He partnered, along with the Grain Chain, with local nonprofit Yampatika, which focuses on environmental stewardship via educational programs in the area. “They do nature hikes where they teach about wild and edible plants, and they also do lots of kids outdoor education programming,” he said.

Christensen went out with their foragers and harvested about 50 pounds of berries, then froze them to help break the fruit down to facilitate infusing the gin.

While harvesting berries was the most labor intensive stage, he also had to work out his grain source. The neutral spirit — which is the base for the distillery’s winter and summer gins and its vodka — is a 50/50 blend of wheat and malted barley.

“I really like the flavor there, it has a unique grain character that you don’t get from other grain sources for vodkas,” he said. “I love barley as a crop. It’s a great Colorado crop, it’s great to work with, it’s easy to work with, I’m familiar with it. We make a single-malt whiskey here at the distillery with it.”

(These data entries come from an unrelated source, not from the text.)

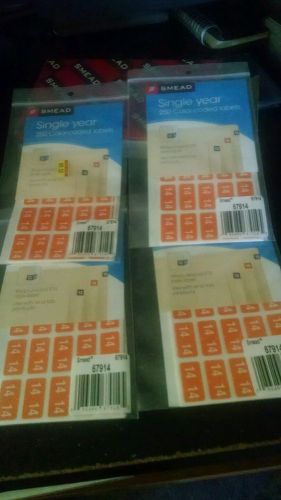 Smead 2014  Single Year Orange Color Coded Labels lot of 8 Packages--2000 Labels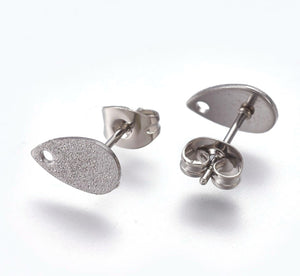 Stainless Steel | Earring Findings | 10pcs | 10x6mm | 304 stainless steel | stardust | thin waterdrop | raindrop | teardrop | earring post | steel | gold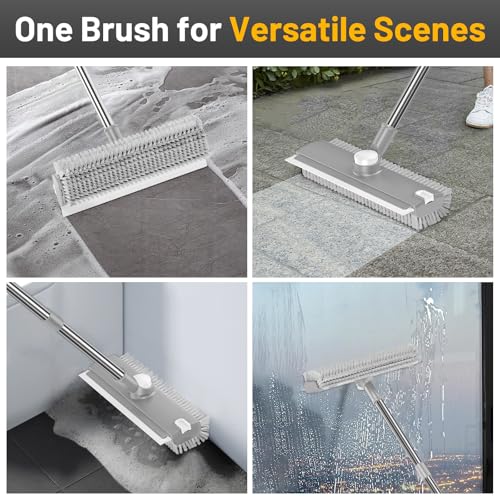 Floor Scrub Brush with Long Handle: 3 in 1 Heavy-Duty Floor Scrubber Brush with Squeegee for Cleaning Tile Bathroom Deck Kitchen Patio - Gray - color: Gray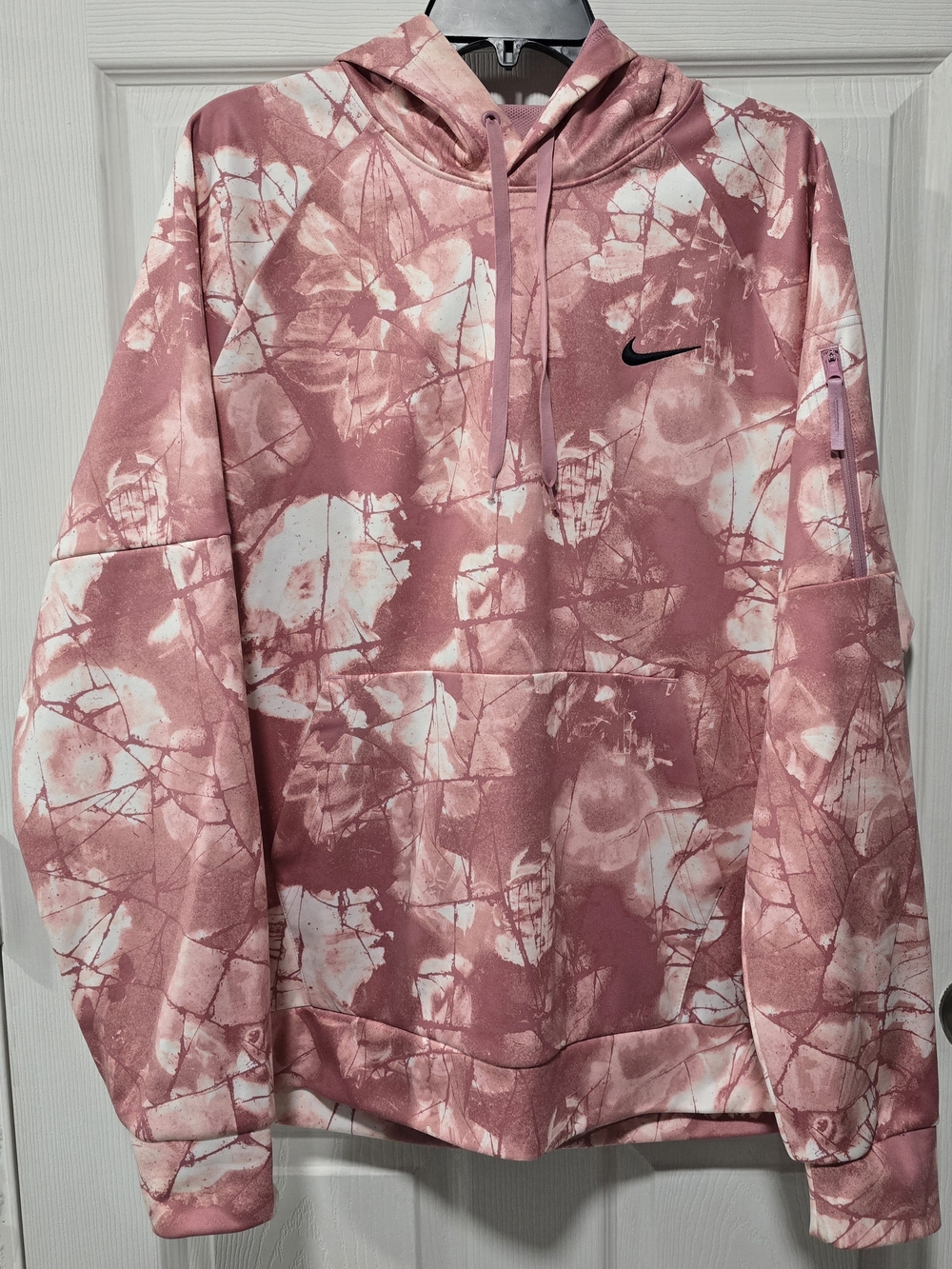 Nike Women's Pink & White Tie-Dye Pullover Hoodie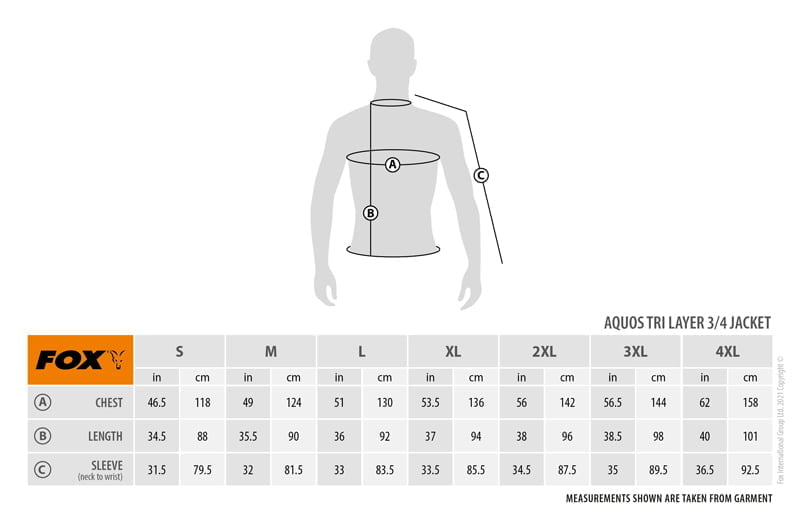 tabla con las tallas de la chaqueta fox de pesca impermeable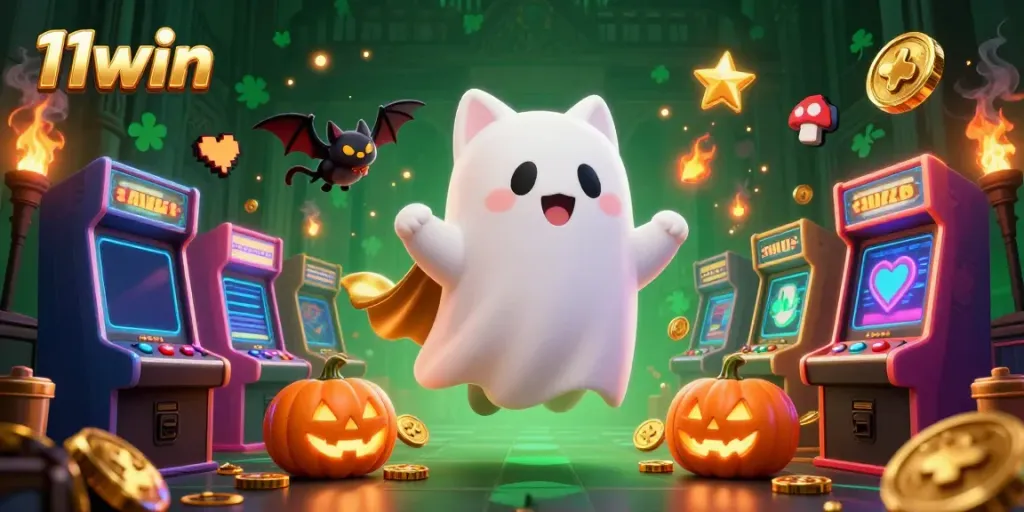 Engage with 11win's captivating gaming experience featuring a ghost cat, a vampire bat, and glowing jack-o-lanterns in a casino scene.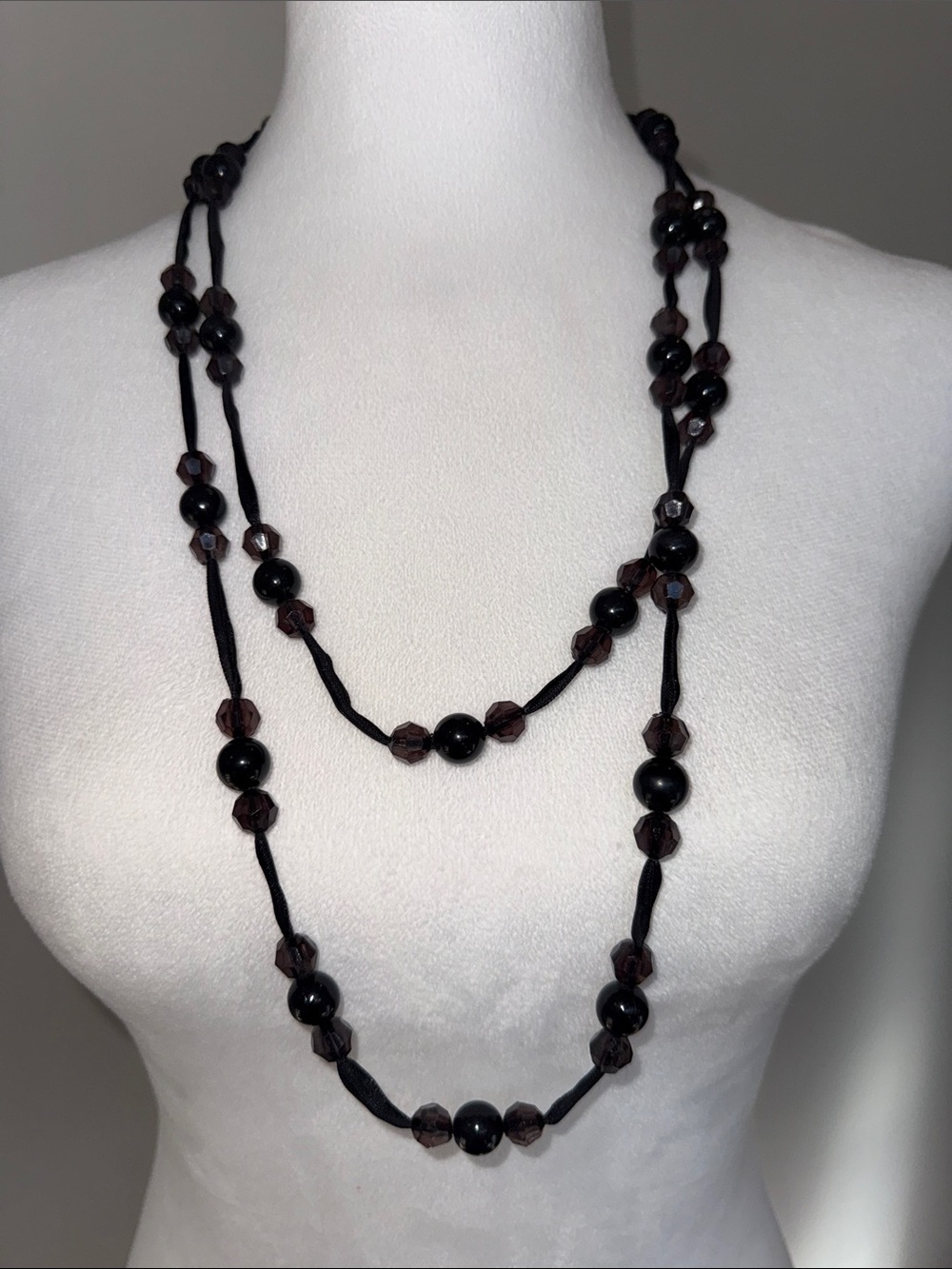 J. Crew Long Black Beaded Necklace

Barley for the gin came from pilot projects that Proximity Malt in Monte Vista was doing with farmers in Montrose this year. While the barley was ultimately blended with other San Luis Valley barley sources for malting, he said he worked with the malthouse and waited for a batch that had the highest percentage of Montrose barley possible.

“For all of our products, we use 100% Colorado grain and really try to embrace Colorado agriculture,” he said. “I think our grain and our grain supply chain is awesome here.”

Once he got that special batch of neutral spirit done, and the base gin distilled, he soaked the berries in it for five weeks. He yielded 93 bottles of gin — at more than a half-pound of berries per bottle — that that recently received federal label approval and are sold for $42 in the tasting room. He said the berries bring a hint of sweetness, but not to the level that sloes provide. “I’d probably call it an off-dry style.”

Along with the sarvis gin, which might only be sold through the tasting room but which Christensen plans to make an annual fall release, they harvested “a bunch of other stuff” including crabapples and sweet anise root that he extracted in vodka. They’ll be standalones for people to try, and potential ingredients to use in the future.

LEFT: Routt Distillery owner Brad Christensen picks sarvisberries for his Grain Chain collaboration. RIGHT: Routt Distillery’s Sarvisberry Flavored Gin, which sells in the tasting room for $42 a bottle. (Photos courtesy Brad Christensen)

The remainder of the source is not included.